━━ Dataset records

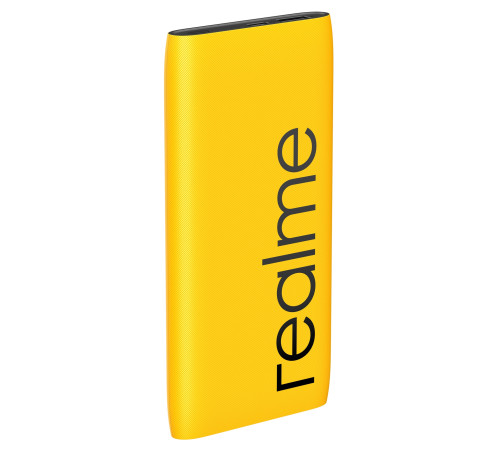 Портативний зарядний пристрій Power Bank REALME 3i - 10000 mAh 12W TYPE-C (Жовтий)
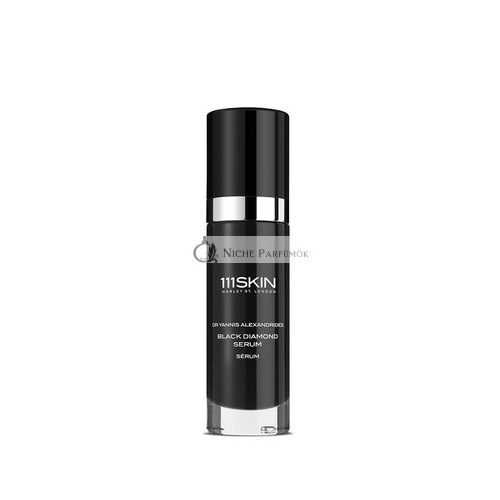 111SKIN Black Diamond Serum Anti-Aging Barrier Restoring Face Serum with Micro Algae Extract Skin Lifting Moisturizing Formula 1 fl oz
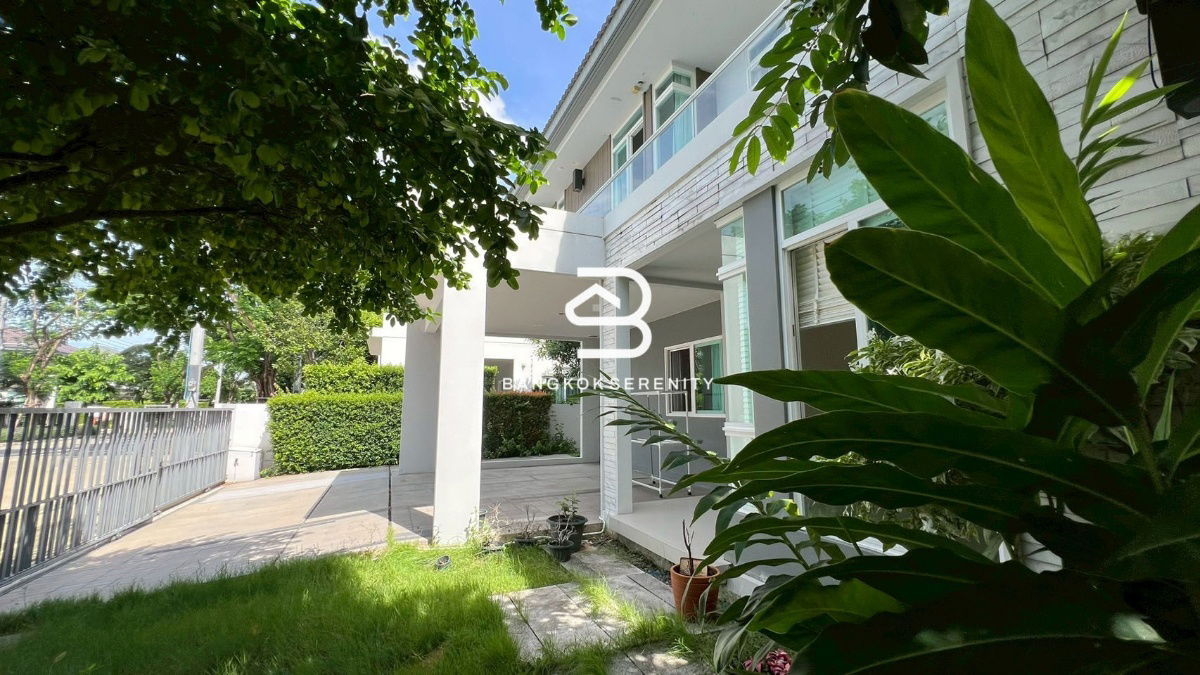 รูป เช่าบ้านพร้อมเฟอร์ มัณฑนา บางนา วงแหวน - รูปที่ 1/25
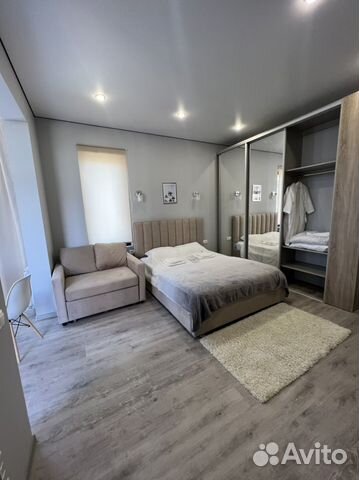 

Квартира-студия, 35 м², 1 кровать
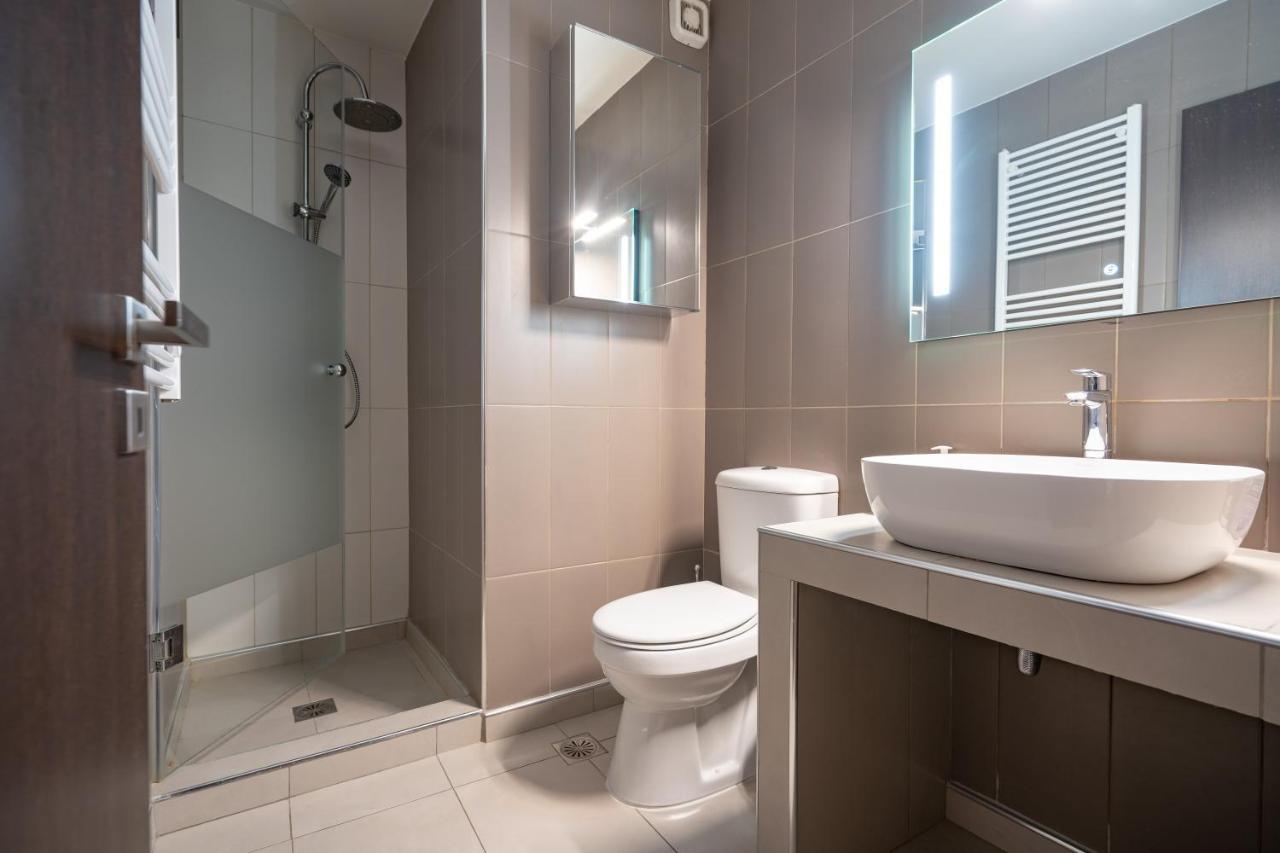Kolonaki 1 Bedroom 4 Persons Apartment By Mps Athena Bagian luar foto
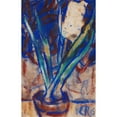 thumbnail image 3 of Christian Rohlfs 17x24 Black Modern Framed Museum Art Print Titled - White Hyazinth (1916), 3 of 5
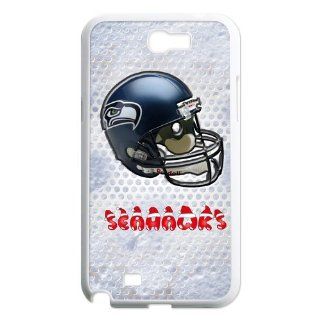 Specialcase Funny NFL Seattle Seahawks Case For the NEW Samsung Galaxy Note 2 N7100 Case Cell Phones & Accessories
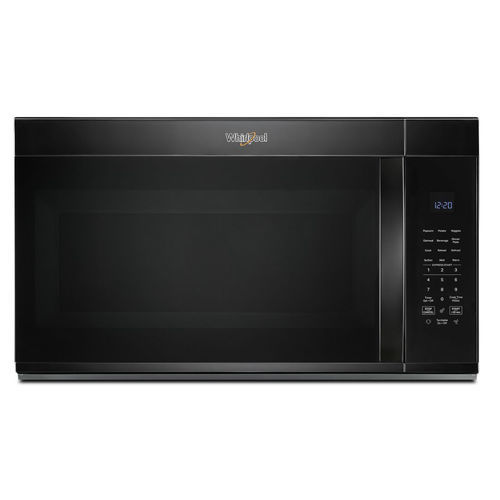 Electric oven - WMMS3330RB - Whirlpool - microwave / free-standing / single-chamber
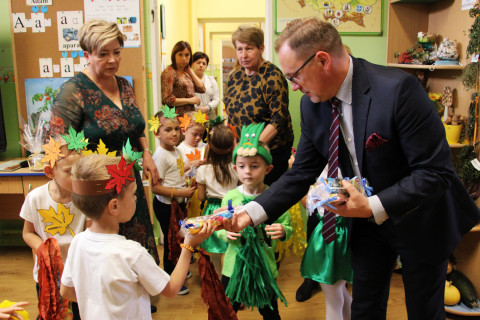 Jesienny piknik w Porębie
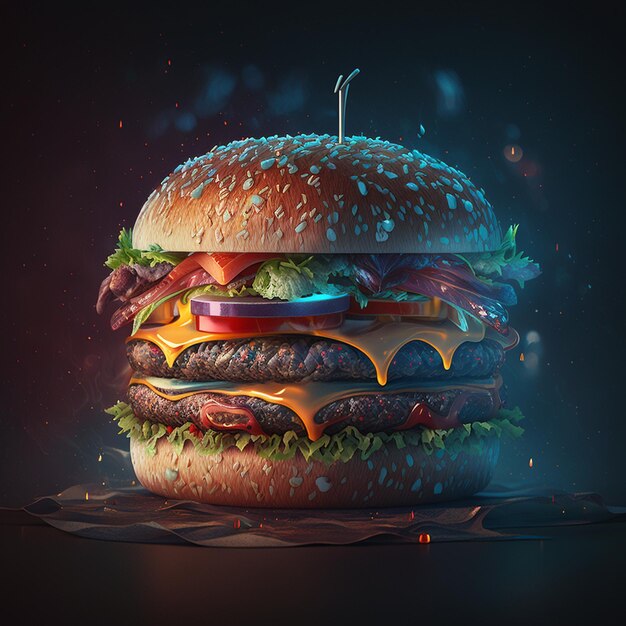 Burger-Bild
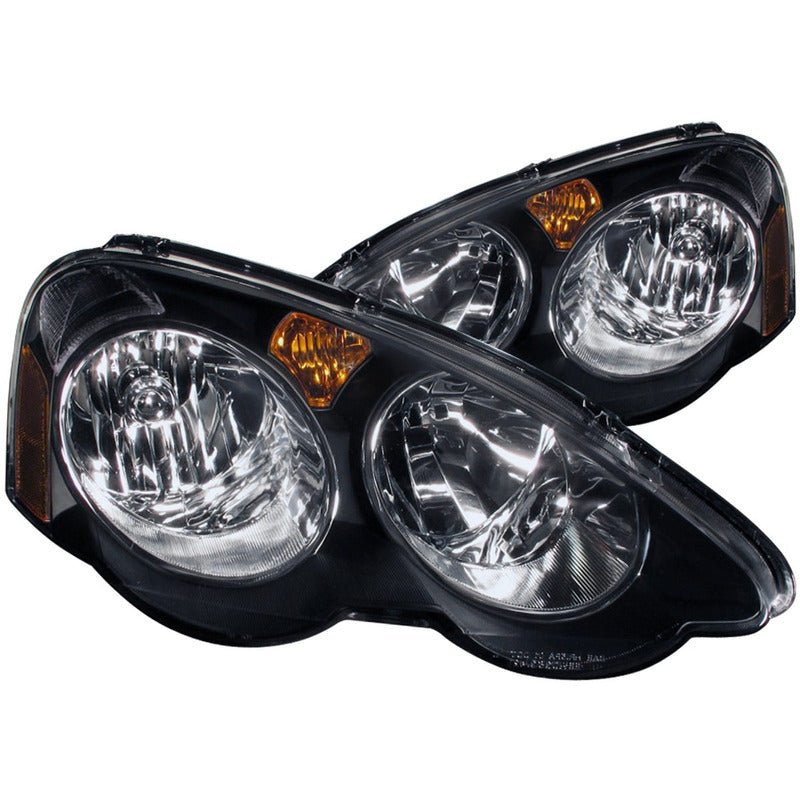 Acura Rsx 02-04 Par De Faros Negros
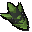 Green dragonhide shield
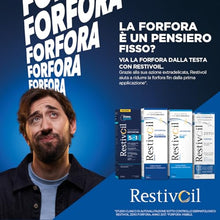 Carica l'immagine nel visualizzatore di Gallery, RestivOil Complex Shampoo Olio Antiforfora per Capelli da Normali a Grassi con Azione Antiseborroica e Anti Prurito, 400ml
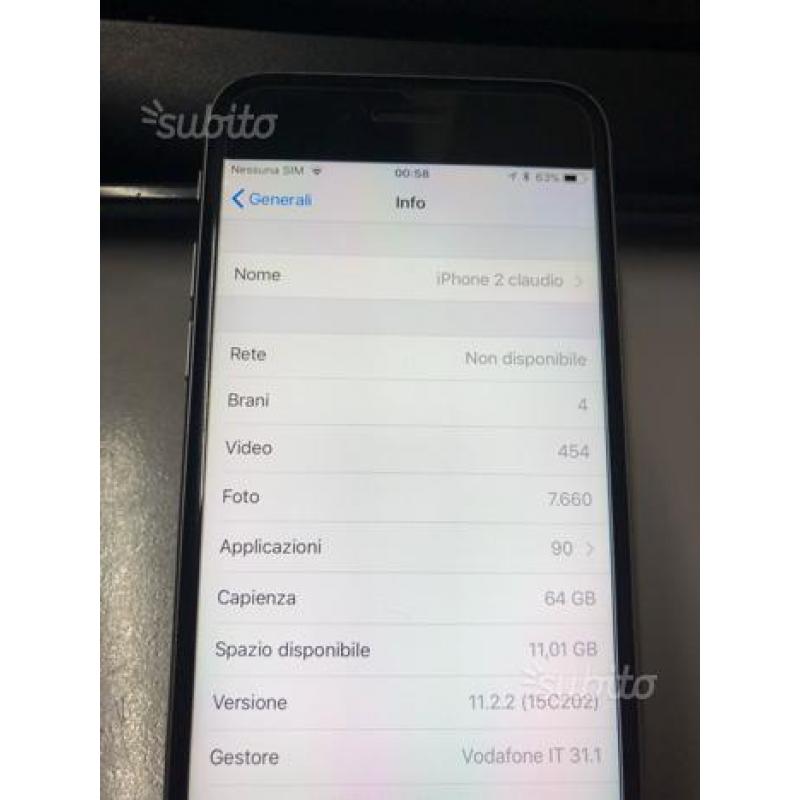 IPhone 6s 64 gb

━━━━

**What is expected:** Output only the lines running from the top of the data above to the line with "Specialcase Funny NFL", inclusive, word for word and without pictures.

**Exercise solution:**
 Портативний зарядний пристрій Power Bank REALME 3i - 10000 mAh 12W TYPE-C (Жовтий)
 111SKIN Black Diamond Serum Anti-Aging Barrier Restoring Face Serum with Micro Algae Extract Skin Lifting Moisturizing Formula 1 fl oz
 รูป เช่าบ้านพร้อมเฟอร์ มัณฑนา บางนา วงแหวน - รูปที่ 1/25

Квартира-студия, 35 м², 1 кровать
Kolonaki 1 Bedroom 4 Persons Apartment By Mps Athena Bagian luar foto
 thumbnail image 3 of Christian Rohlfs 17x24 Black Modern Framed Museum Art Print Titled - White Hyazinth (1916), 3 of 5
 Specialcase Funny NFL Seattle Seahawks Case For the NEW Samsung Galaxy Note 2 N7100 Case Cell Phones & Accessories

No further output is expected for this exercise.